* **What you are asked to do**:
Everything in the entries except the pictures must be repeated exactly.

* **Data excerpts**:
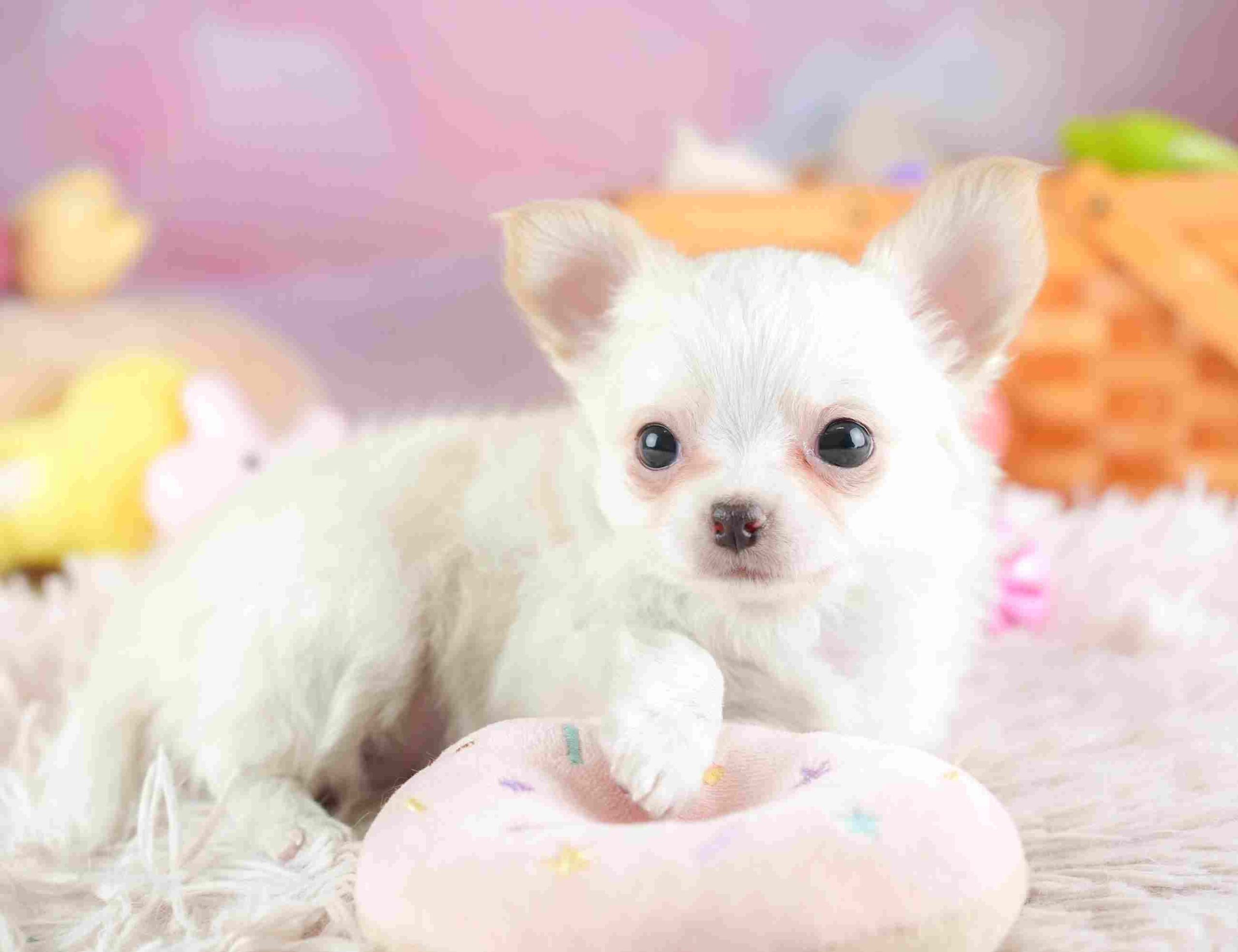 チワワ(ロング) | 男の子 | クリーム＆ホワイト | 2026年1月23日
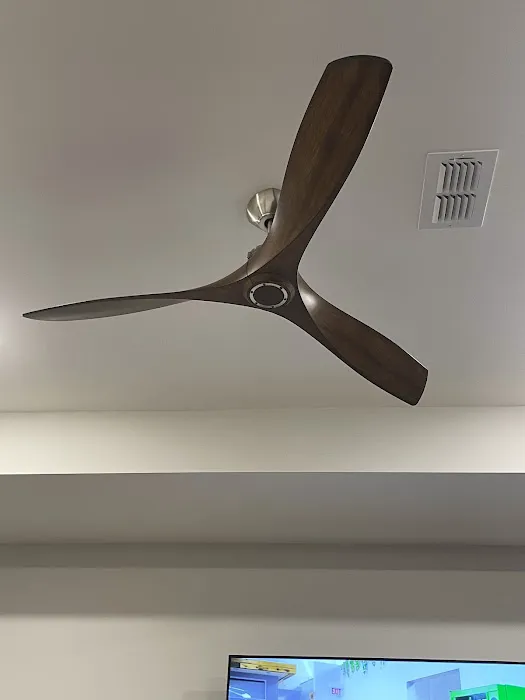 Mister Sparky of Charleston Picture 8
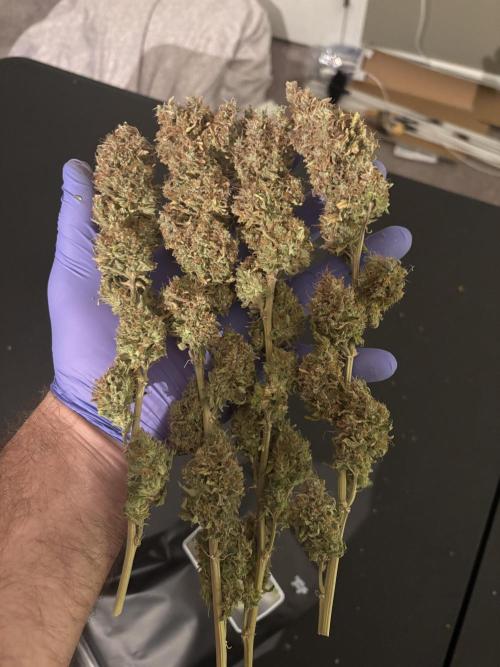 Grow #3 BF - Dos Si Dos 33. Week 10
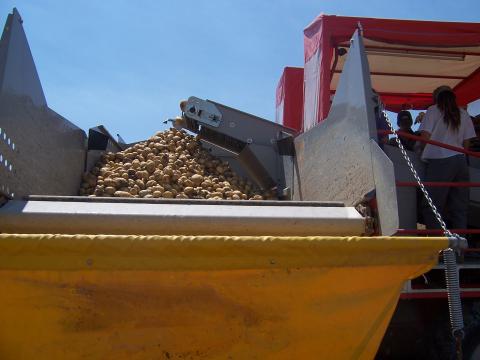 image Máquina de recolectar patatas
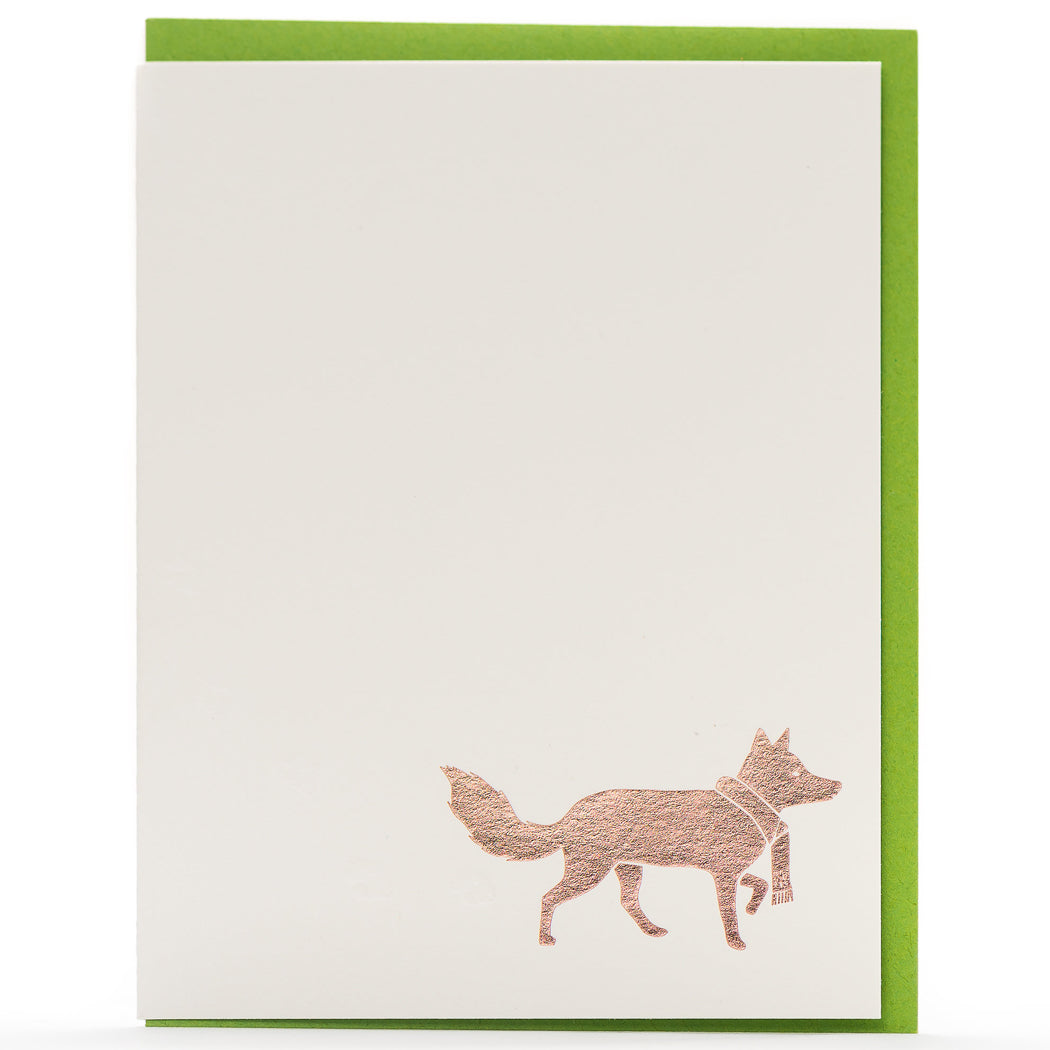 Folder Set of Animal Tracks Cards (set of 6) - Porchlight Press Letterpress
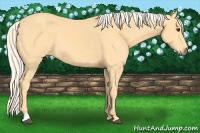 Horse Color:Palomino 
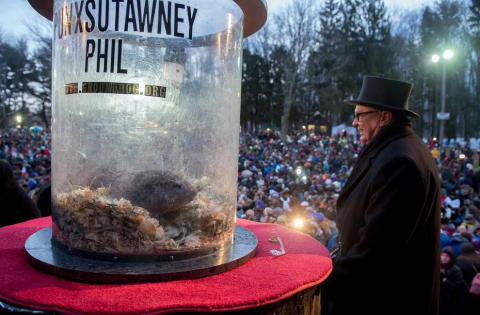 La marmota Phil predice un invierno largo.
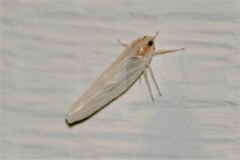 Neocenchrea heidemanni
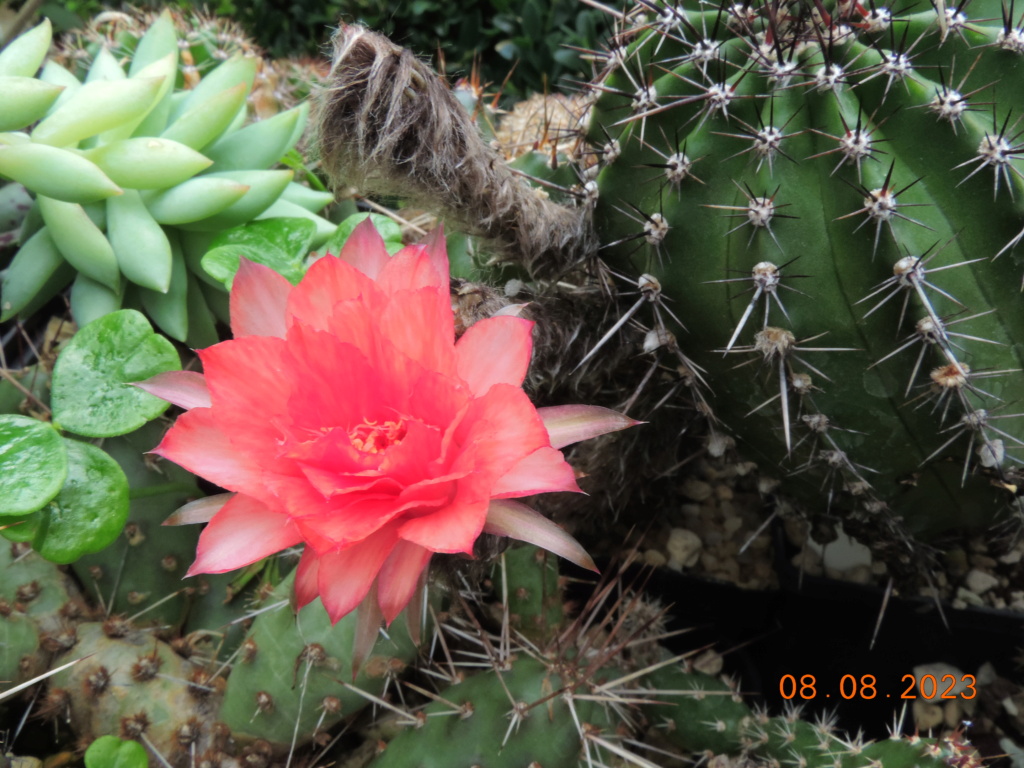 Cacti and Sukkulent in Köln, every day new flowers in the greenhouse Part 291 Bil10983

* **Written response**:
 チワワ(ロング) | 男の子 | クリーム＆ホワイト | 2026年1月23日
 Mister Sparky of Charleston Picture 8
 Grow #3 BF - Dos Si Dos 33. Week 10
 image Máquina de recolectar patatas
 Folder Set of Animal Tracks Cards (set of 6) - Porchlight Press Letterpress
 Horse Color:Palomino 
 La marmota Phil predice un invierno largo.
 Neocenchrea heidemanni
 Cacti and Sukkulent in Köln, every day new flowers in the greenhouse Part 291 Bil10983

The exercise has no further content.